1. The story: Winner of the 2007 Edgar Award for Best Mystery Play, this fast-paced adaptation of Doyle’s original story, by playwright Steven Dietz. brings Holmes out of retirement for one last caper. He engages his dear Dr. Watson to help the King of Bohemia recover an item that would put HRH in a delicate position as he prepares to marry. Holmes, however, meets his witty match in an opera star who also has a keen interest in the item, and his archenemy, the evil Professor Moriarty. “The game’s afoot!”
“The joy in this play is the same as in any superhero scenario where good is pitted against evil, and we get to watch the trials and tribulations of our hero as he attempts to thwart the evil,” wrote Claude Pensis, Dean of the College of Fine Arts and Production, in his director’s note in the program.
2. The (double) cast: From top (Aaron Potter and Ryan Usher as Holmes, whose deductive reasoning keeps us on our toes, and Dylan Kim and William Wyss as Watson who, as our connection to Holmes, helps us keeps pace) to bottom – well, there just is no bottom in this talented crew – each actor embraced his or her character with aplomb. Josh Vanderpoel and Keach J. Siriani-Madden could not be more sinister as Professor Moriarty, and if you check the dictionary for the definition of “beguiling,” there certainly must be photos of Irene Adler, irresistibly portrayed by the incandescent Megan Sprink-VanCamp and Joy Flatz. Tip o’ the hat to everyone for not only memorizing their lines but also learning to speak them in Victorian English-speak, thanks in no small part to dialect coach and GCU theatre instructor Michael Kary.

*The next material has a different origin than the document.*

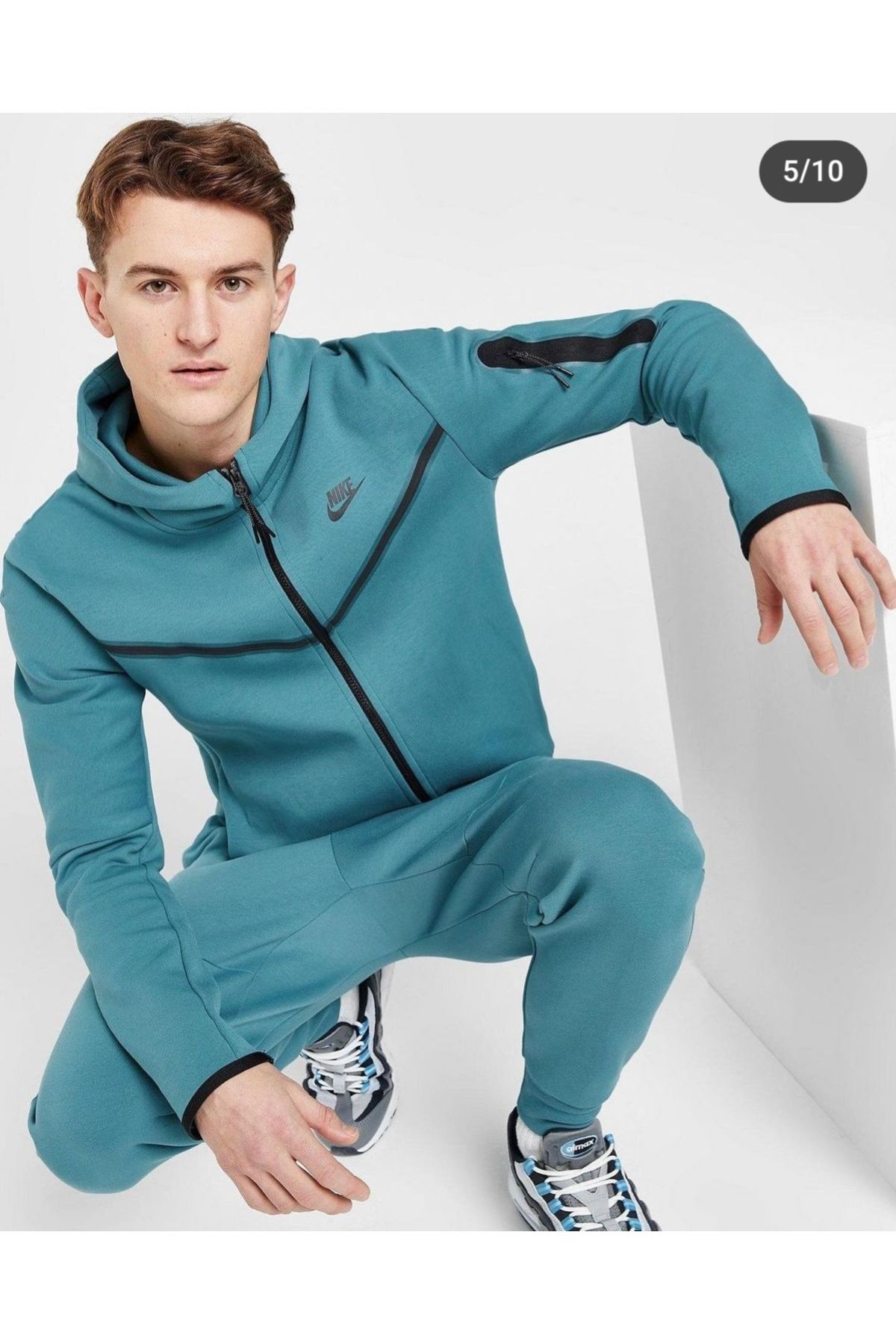 Nike sportswear tech fleece tracksuit new arrivals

3. The set: This weekend’s audiences were transported to London’s 221B Baker St., courtesy Assistant Dean Bill Symington, who designs the sets for all GCU theatre productions, and his set crew. First-time Ethington visitors marveled when the lights came up after the first set change, which was seamlessly accomplished by a huge revolving stage turned by the speedy crew. The audience visited Holmes’ study and James Larrabee’s sitting room, heard music from a Victrola phonograph, watched a safe being cracked and prepared for “kablooey!” when Holmes lit a match in a gas plant.
4. The costumes: Too bad GQ magazine wasn’t published in Victorian times because the nattily attired Holmes would have been a perfect cover model. Costume designer Nola Yergen struck just the right chord with her selections of slim coats, waist coats, dressing gown, a deerstalker and that jaw-dropping red tails with matching top hat. Adler’s gowns and capes were stunning, too.
Deduction: It seems elementary that you should purchase tickets at once for this weekend’s final three shows. Alas, they are sold out. If only Holmes were here to figure out a way around that one.
Holmes weighed in Tuesday morning with news that a waiting list exists. Call the Ethington box office at 602-639-8880 to put your name on it.